* _Dataset content_
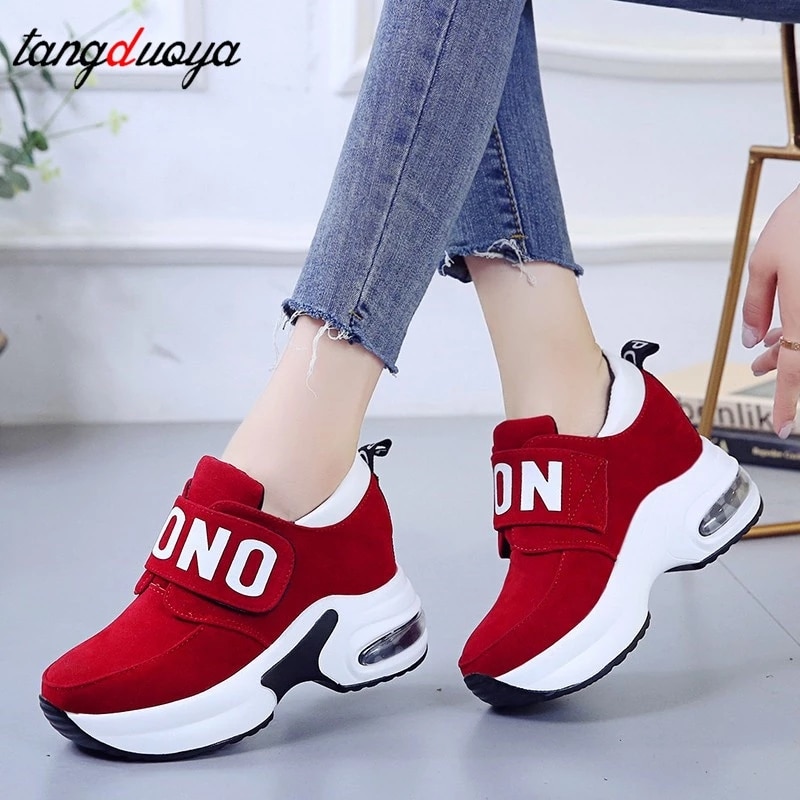 Platform wedge sneakers dam skor sneaker fritidsskor träningsskor kvinnor kvinnliga skor svarta röda sneakers kvinnor tenis feminino
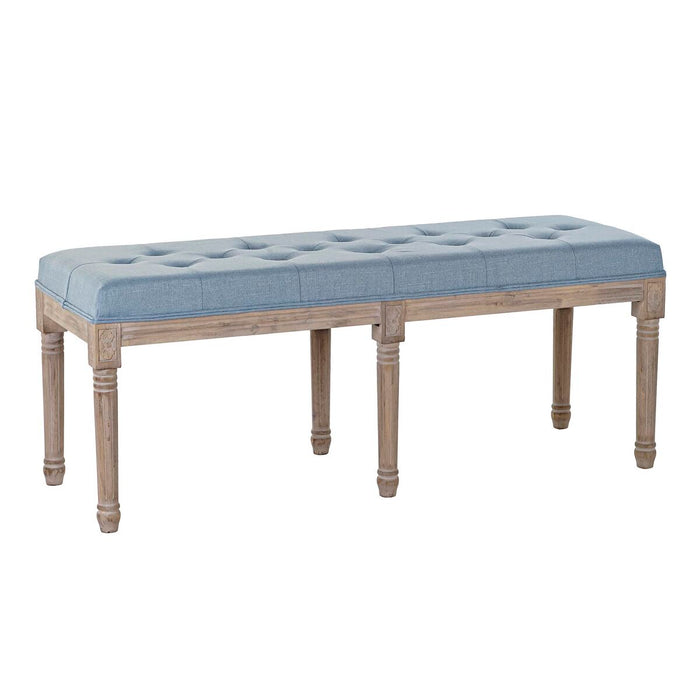 Bench DKD Home Decor   Blue Polyester Linen Rubber wood (122 x 41 x 48 cm)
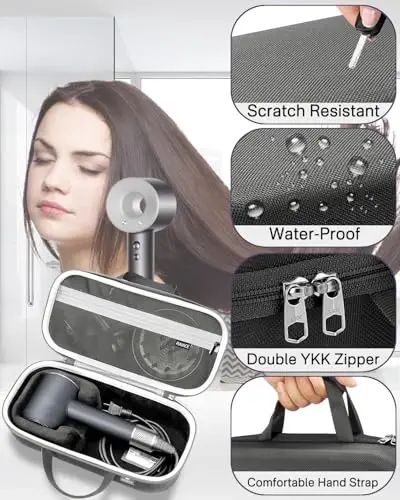 RAIACE Hard Storage Case Compatible with dyson Hair Dryer, Travel Carrying Bag. (for sale is case only). - Black+Gray (Black+Gray) - 9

* _Work request_
The whole listing above needs to be copied exactly; please keep the pictures out.

* _Answer area_
 Platform wedge sneakers dam skor sneaker fritidsskor träningsskor kvinnor kvinnliga skor svarta röda sneakers kvinnor tenis feminino
 Bench DKD Home Decor   Blue Polyester Linen Rubber wood (122 x 41 x 48 cm)
 RAIACE Hard Storage Case Compatible with dyson Hair Dryer, Travel Carrying Bag. (for sale is case only). - Black+Gray (Black+Gray) - 9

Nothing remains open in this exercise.